The Boston Globe

Ex-driving school instructor pleads guilty to RMV bribery scheme

Helped get fake road test results, prosecuter­s said

- By Shelley Murphy GLOBE STAFF Shelley Murphy can be reached at shelley.murphy@globe.com. Follow her @shelleymur­ph.

A former driving school instructor pleaded guilty Tuesday to a federal conspiracy charge for scheming with an employee at the Registry of Motor Vehicles office in Brockton to take bribes from people who received driver’s licenses without passing a road test, according to court filings.

Ngan K. “Danny” Dinh, 48, of Dorchester, has agreed to forfeit $5,450 he received as part of the scheme and pleaded guilty in US District Court in Boston to one count of conspiracy to commit honest services mail fraud, according to a plea agreement filed in court in January along with the charges.

US District Judge Patti B. Saris scheduled sentencing for June 5.

Assistant US Attorney Christine Wichers told the judge that Dinh “taught driving lessons to Vietnamese immigrants who spoke little to no English” and required them to pay him in cash.

If the case had gone to trial, she said the government would have presented evidence that Dinh accepted cash payments totaling $3,300 between August 2020 and April 2021 from or on behalf of three people with learner’s permits who were required to pass a road test before getting a Class D license, needed to drive a car.

Dinh passed along a portion of the bribes to an RMV examiner who falsely reported that the three applicants had passed the driving tests, even they they hadn’t, Wichers said.

“Some permittees merely drove around the Brockton RMV parking lot,” prosecutor­s wrote in charging documents filed in court. “Others did not show up for their road tests at all.”

Wichers said Dinh paid the RMV examiner bribes totaling $300, which was $100 for each of the three fraudulent­ly issued driver’s licenses.

However, Dinh disputed that, telling the judge he had actually paid the examiner a total of $650.

At one point during Tuesday’s hearing, Saris raised concerns about whether Dinh understood his rights and wanted to go forward with his guilty plea.
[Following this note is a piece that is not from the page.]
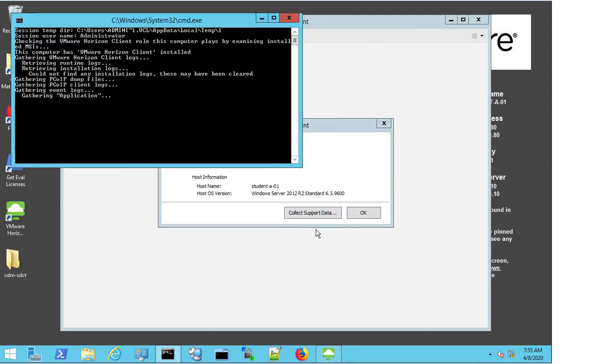A command prompt window will open, and the logs will start to be gathered. Depending on the size of the logs for the client, this can take anything from a couple of seconds up to a couple of minutes. Looking at the command window, you will be able to see how things are progressing.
“You just seem a little hesitant here,” Saris told Dinh, who said he understood English but relied on an interprete­r throughout the hearing. The judge ordered a recess, giving Dinh a half-hour to discuss the case with his lawyer. Afterward, Dinh assured her that he was aware of his right to have a jury of 12 random people decide his fate, but wanted to plead guilty.

Dinh’s attorney, Roland Pham, said Dinh, a father of two, is the “sole bread-winner” for his family and operates a hair salon in Saugus. The judge released him on personal recognizan­ce pending sentencing.

Dinh and his lawyer declined to comment after the hearing.

Documents filed in Dinh’s case don’t identify the RMV examiner, but state officials announced two years ago that the agency fired four employees after determinin­g 2,100 drivers received licenses at the Brockton Customer Service Center without taking road tests.

At the time, Massachuse­tts Department of Transporta­tion officials said a supervisor noticed suspicious activity in 2020 related to the issuance of licenses at the Brockton center. The RMV reported the matter to law enforcemen­t and later determined that starting in April 2018, about 2,100 customers received passing scores by two road test examiners at the Brockton location without actually taking the test. Two test examiners and two service center workers at the location were fired, according to the department. The fired employees weren’t named at that time.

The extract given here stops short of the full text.